Entscheidene Station einer Reise: Das Jawort

Sie machen es, wie es viele Frankfurter machen: Sie heiraten im Römer. Mit der klassischen Aufnahme des Hochzeits-paares vor dem Frankfurter Schrank. Ihre Familien, ein paar Freunde und zwei Trauzeugen sind dabei. Für Markus bedeutet die Hochzeit, ihrem Bund Tiefe zu verleihen, gern auch bis an das Ende der Zeit. Für Sebastian ist es eine entscheidende Station auf einer langen Reise. "Du hast das Gefühl, du bist lange unterwegs, und da war manchmal auch schlechtes Wetter, der Weg war schwierig, du hast dich verlaufen, zu zweit, irgendwann kommst du an einen Punkt und du denkst, das ist gut, jetzt wissen wir, wo wir sind und von hier geht es in eine bestimmte Richtung weiter."

Morgens beginnt für beide der Tage mit einer Tasse Kaffee.

Ihre Ehe könnte auch einen anderen verschütteten Traum wiederbeleben, eine Familie zu gründen.
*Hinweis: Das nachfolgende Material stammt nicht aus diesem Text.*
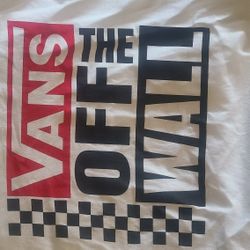Mens Vans White New Tshirt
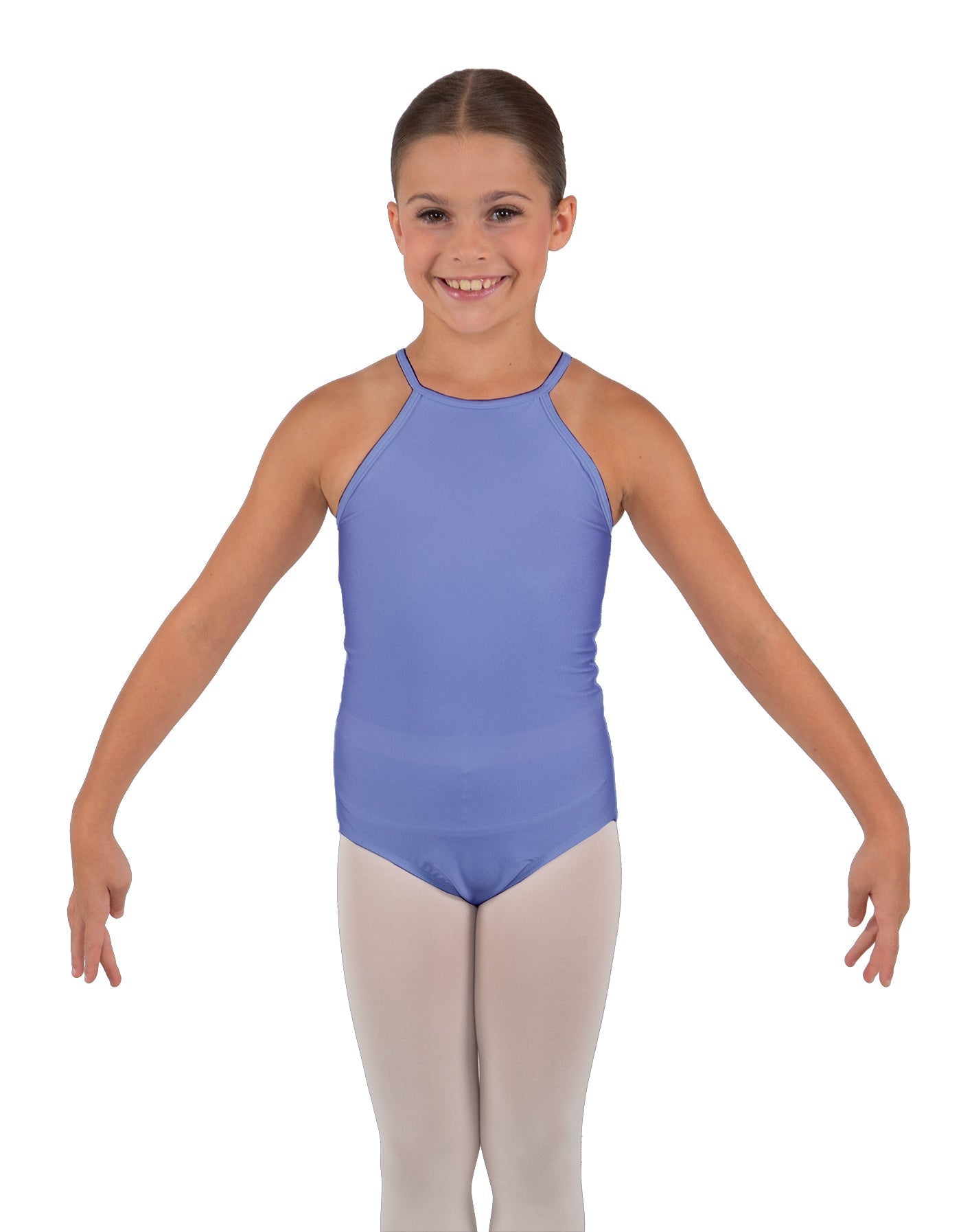 Solid Lycra Halter Binding Leotard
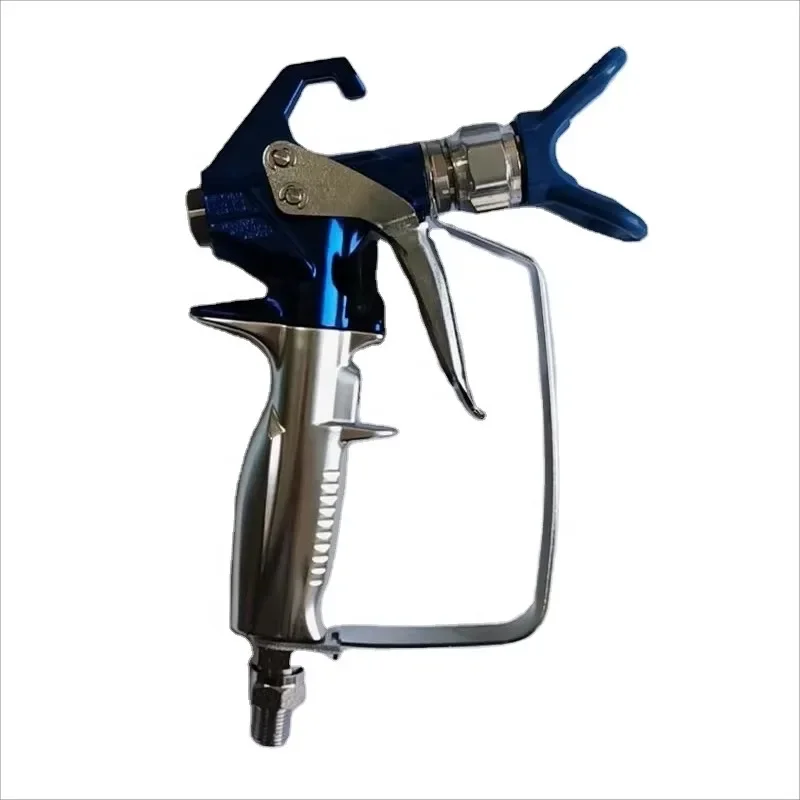 Universal airless spray gun with low pressure spray head for furniture paint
Aber als nächsten Schritt haben sie den festen Plan, mit einem großen Fest und allen Freunden kirchlich zu heiraten. Vor Gott. Ihr Glaube ist ihnen wichtig. Markus hat ihn mit Sebastian wiedergefunden. Als Kind und Jugendlicher wirkte er aktiv in seiner Gemeinde. Als Schwuler fühlte er sich in der Kirche nicht willkommen und lehnte sie ab. Sebastian hat die Kirche immer als Heimat erlebt, auch als Schwuler. Er hat Markus über die Jahre wieder vertraut gemacht und auch versöhnt mit dem Glauben und der Institution, die dazugehört. Deshalb arbeitet Markus heute aus Überzeugung auch in einem kirchlichen Verlag. Es bedeutet ihnen beiden viel, dass ihre Ehe gesegnet wird.

Wenige Wochen nach dem Standesamt stirbt plötzlich Markus’ Vater. Dieser Schmerz überschattet das ganze Jahr, die Trauer lähmt sie. Jetzt planen sie, die Hochzeit wirklich zu feiern. Sie wissen schon, welcher Pfarrer sie trauen soll. Sie haben eine Idee, wo sie feiern können. Bis dahin wollen sie auch die Ringe gefunden haben, als Erkennungszeichen ihres Bundes. Oder besser, die Ringe sollen sie gefunden haben. Doch was könnte zu ihnen passen? Auf keinen Fall werden sie in ein Hochzeitsgeschäft gehen, wo viele Paare die Eheringe aussuchen. Das ist nicht ihr Weg, ihr Stil. Diese Freiheit von Vorbildern gefällt ihnen, sie können und wollen selbstbestimmt und selbstbewusst ihren gemeinsamen, ihren eigenen Weg gehen.